With a few tiers available, there is something that works for every type of user and every budget from Fruity edition, a limited setup for basic loops and melodies, right up to their All Plugins Bundle, the complete version of FL Studio with everything thrown in. Users can also purchase the Producer tier which is every software feature available minus the extra plugin packs which can be purchased separately.
If you purchase a copy of FL Studio, you also get lifetime updates for free. That means you only pay for one licence for whatever level software you choose and every subsequent update comes free of charge. Pretty cool huh?
FL Studio is very powerful as an editing tool and has a large range of plugins, effects and virtual instruments at your disposal. The inbuilt mixer view is intuitive and fast to use and allows you to mix, master and make your loops and tracks ready to be released.

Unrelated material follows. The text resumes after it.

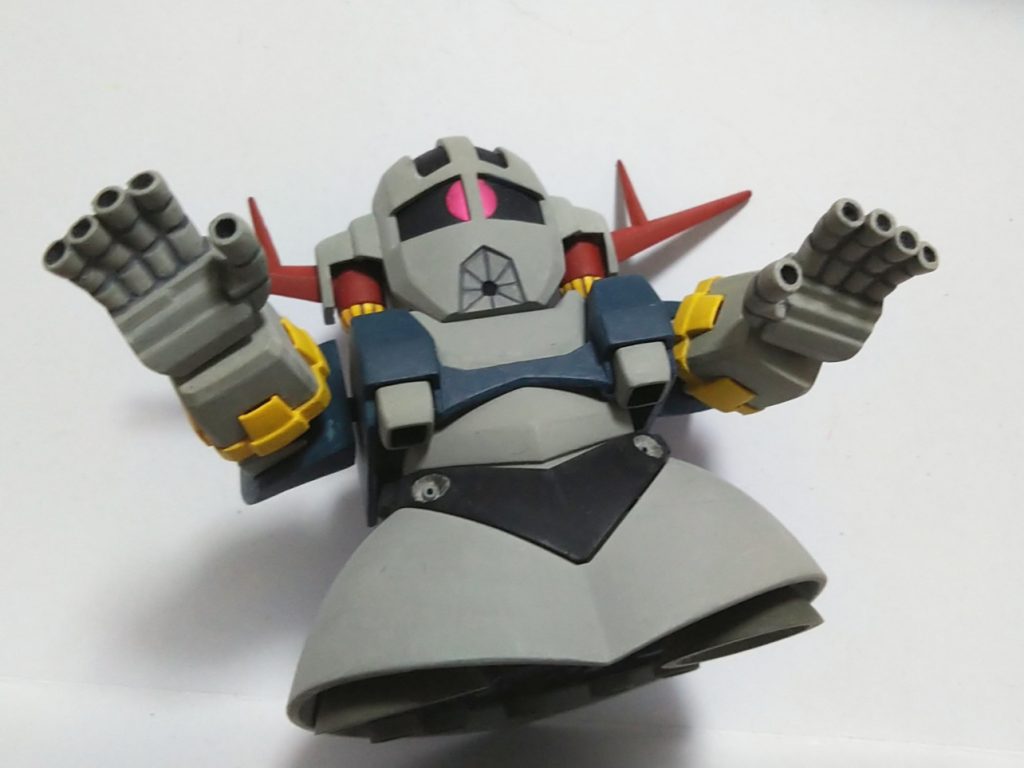 頭部のアゴ、腹部パーツも少し削って詰めています。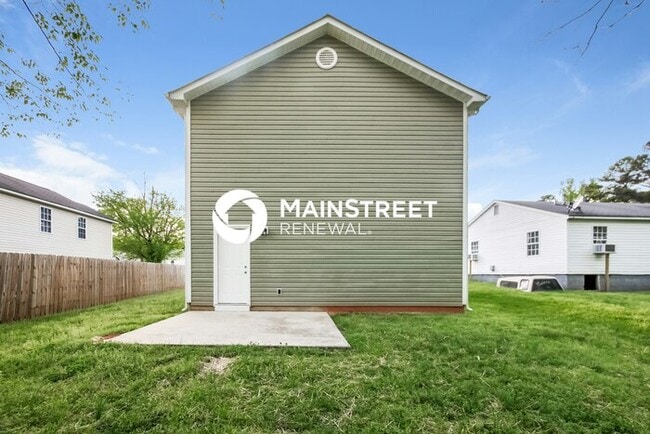 Building Photo - 4 Bedroom Pet-Friendly Home in Charlotte, ...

Audacity is a piece of music making software that really divides opinion across the internet. It’s free, and it’s very limited to what it can do. Does that mean it’s not worth considering? Let’s look at what it can do.
It’s a fantastic way to record simple audio demos. If you have a guitar and vocal part you want to throw down to keep a record, it’s perfect. It has no option to use any VST Instruments so all your digital synths and drum machines are useless here, but it does support VST plugins so you can use your favourite plugins to manipulate the tracks you record.
Audacity is easy to use and requires no knowledge of recording to get to grips with. It’s simplicity is sometimes it’s best feature because anyone can get started with recording regardless of how little they know on the topic.
It’s not designed for high quality mixing, or in depth editing but the interface does allow you to record tracks, chop them up a little, apply plugins to manipulate the sounds and export to a range of formats.
Audacity cannot accept incoming MIDI messages, but it can playback imported MIDI files as well as allow for simple MIDI editing. The MIDI engine is basic but it was not the intention of the developers to make it a MIDI focused setup. Audacity is developed by volunteers and is an open source piece of software which is funded by donations. If you want something barebones and simple to learn on, look no further.
Get Audacity here.
There are many more DAW’s available beyond those listed here. Many offer trial versions which can serve as very useful insights into that software package for anyone who is new to producing music. I would suggest trying out as many as you can to find what suits you best before you make a financial commitment. Check out which DAW’s suit which music styles and working methods the best and enjoy the process!
Remember when looking at DAW’s that no one DAW does everything. Many top producers will work with multiple DAWs to remove limitations in their workflow and while this can sometimes be a burden, your goal of the perfect track waiting at the end will make that journey worthwhile.